There also existed other similarities between participants in terms of their values and their attitudes toward wider civic engagement. A couple of participants spoke of their PPI in health research as almost a natural extension of their participation in other areas of civic society, beyond those associated with research. This included Clare, who had a history of involvement in voluntary-sector organizations, and Ben, who had been involved in various service improvement projects over a number of years: I became involved in the [name] user group on the voluntary side. I was already involved in various initiatives in my home area, building on my past in the voluntary sector and as a member of a community health council. (Clare) Well I think generally I’m obviously interested in, if you like, giving a voice to people who have experiences of services and the NHS. . . . And there are also lots of other roles that I’ve been involved in over the past few years, [and they] have largely been about bringing my experiences to them and trying to influence services to make improvements. I just saw this [his role in cancer research] as actually a natural extension of becoming involved and trying to influence. (Ben)

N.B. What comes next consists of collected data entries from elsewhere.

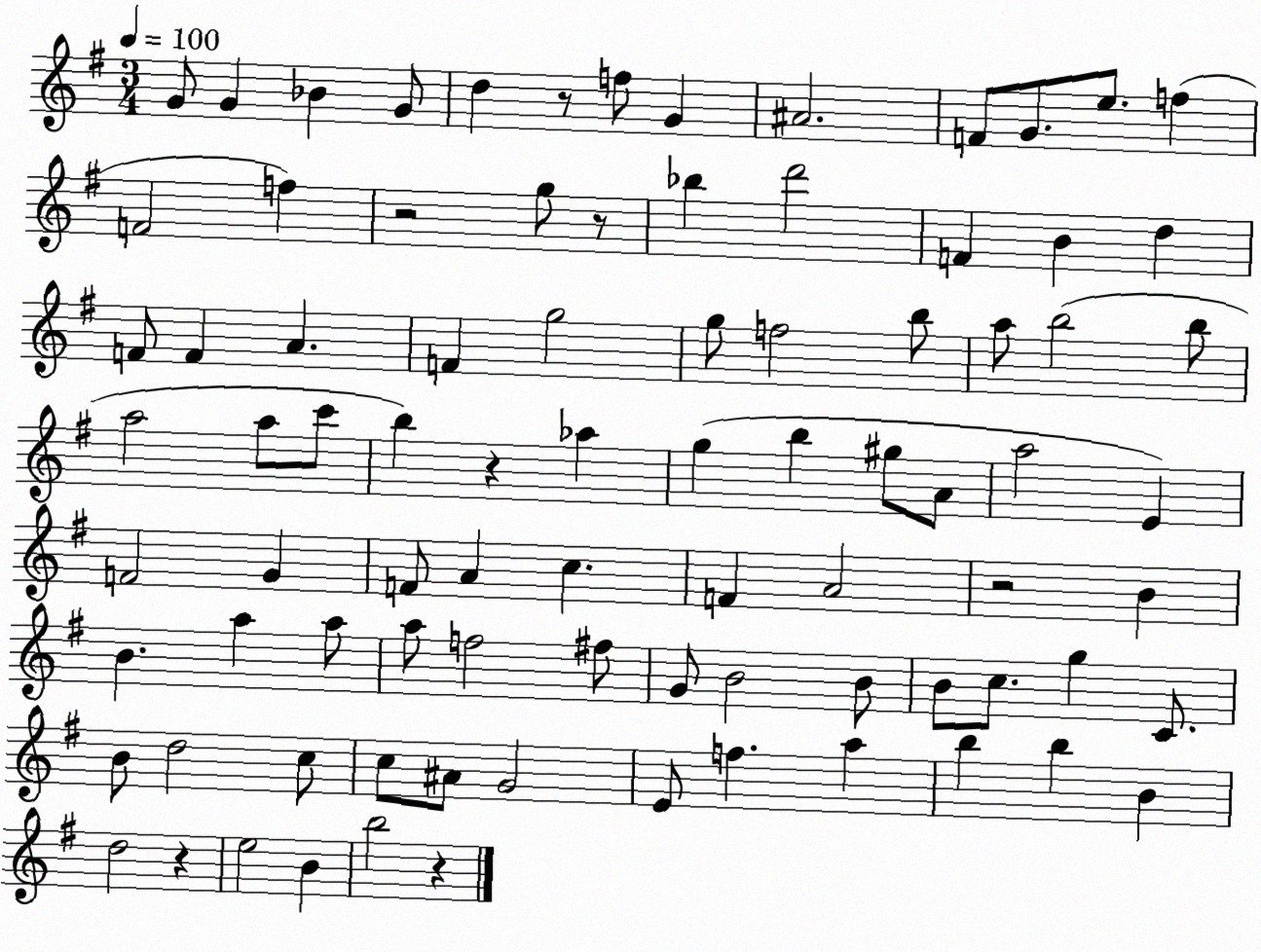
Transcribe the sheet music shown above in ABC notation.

X:1
T:Untitled
M:3/4
L:1/4
K:G
G/2 G _B G/2 d z/2 f/2 G ^A2 F/2 G/2 e/2 f F2 f z2 g/2 z/2 _b d'2 F B d F/2 F A F g2 g/2 f2 b/2 a/2 b2 b/2 a2 a/2 c'/2 b z _a g b ^g/2 A/2 a2 E F2 G F/2 A c F A2 z2 B B a a/2 a/2 f2 ^f/2 G/2 B2 B/2 B/2 c/2 g C/2 B/2 d2 c/2 c/2 ^A/2 G2 E/2 f a b b B d2 z e2 B b2 z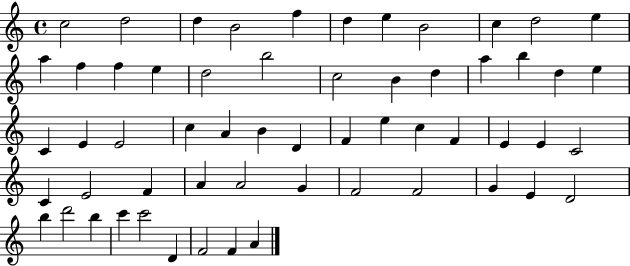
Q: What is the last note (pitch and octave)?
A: A4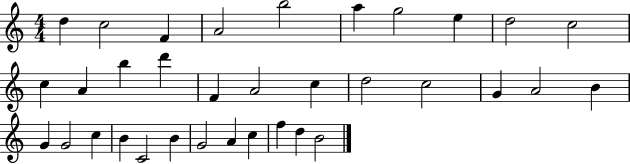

Similarly, both Alan and Hannah were founding members of cancer support groups: I’m one of the founding members of [name] cancer support group. . . . So that was sort of the start of it, and from there I got an invitation to see if I would sit on the cancer patients and carers forum. So I was a member of that forum. So then I was asked to join this and that. So I sit on probably half a dozen groups. (Hannah)
As can be seen from these quotes, for many participants PPI in cancer research was one dimension in a range of support-related activities in which they were engaged. Other participants in this study were actively involved in the infrastructure for local and national health services or research decision-making groups. For example, one was a member of a national research regulatory body, another sat as a member of a local research ethics committee. These findings suggest that for the majority of the participants PPI in research was congruent with a broader set of professional and civic commitments. It is therefore of little surprise that two of the principal motivating factors for PPI in research suggested by participants were expressions of altruism and reciprocity.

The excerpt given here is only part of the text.